Restate the data below word for word, and let no image into your version.

(Records from a data source)
[Start of Attachment]

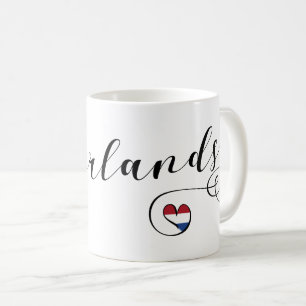 オランダハートマグ、オランダ コーヒーマグカップ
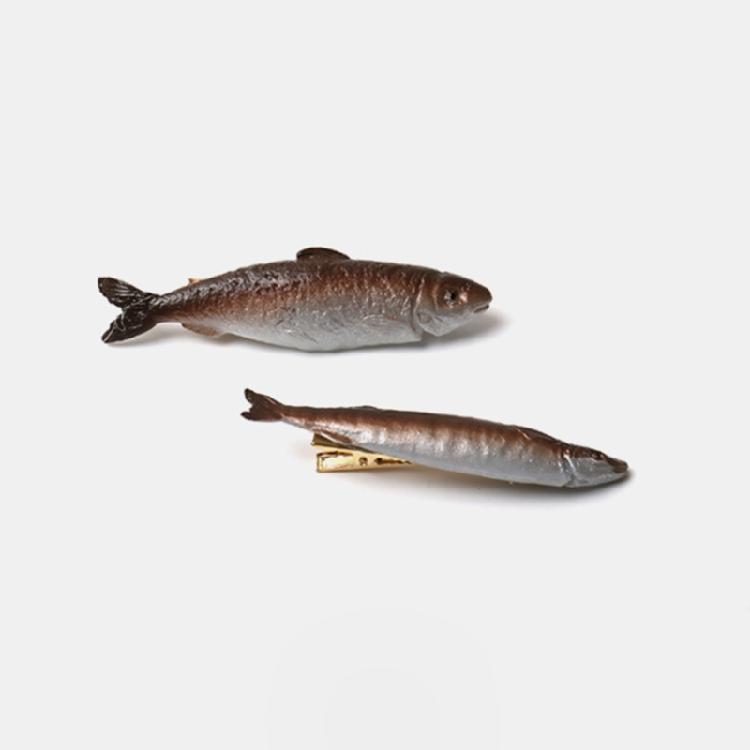 Simulated Salted Fish Hairpin Hair Clip Headwear Headdress Creative Keychain
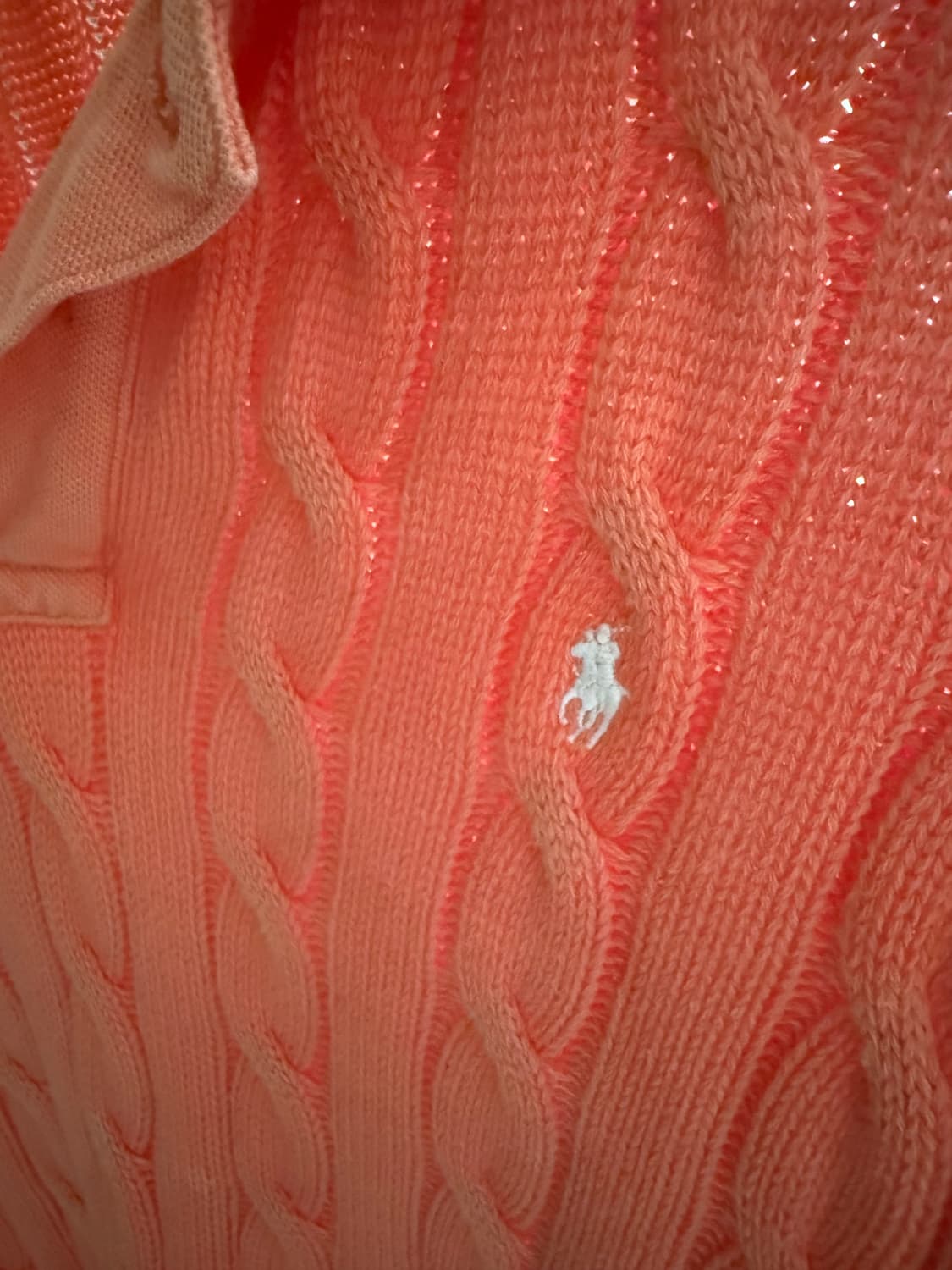 랄프로렌 여성 워싱 니트입니다. 상품이미지4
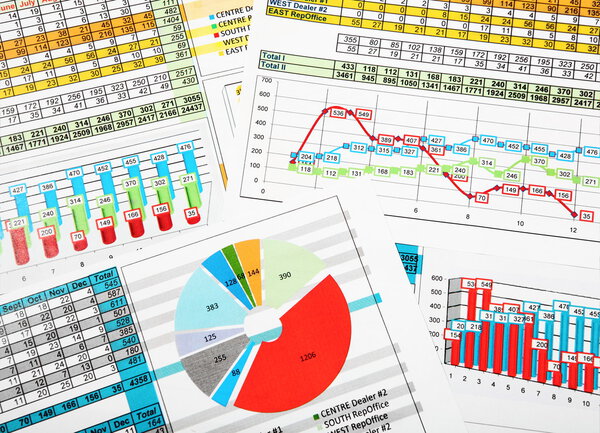 Printed Business Reports in Colors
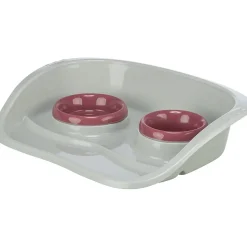 Plateau repas 0.25 et 0.3 litre pour chats ou petit chiens couleur aléatoire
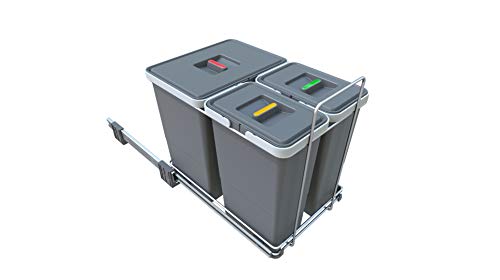 Elletipi ECOFIL Kosz na Śmieci, Tworzywo Sztuczne/Metal, Szary, 30 x 4 - obrazek 4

[End of Attachment]

* Written reply
 オランダハートマグ、オランダ コーヒーマグカップ
 Simulated Salted Fish Hairpin Hair Clip Headwear Headdress Creative Keychain
 랄프로렌 여성 워싱 니트입니다. 상품이미지4
 Printed Business Reports in Colors
 Plateau repas 0.25 et 0.3 litre pour chats ou petit chiens couleur aléatoire
 Elletipi ECOFIL Kosz na Śmieci, Tworzywo Sztuczne/Metal, Szary, 30 x 4 - obrazek 4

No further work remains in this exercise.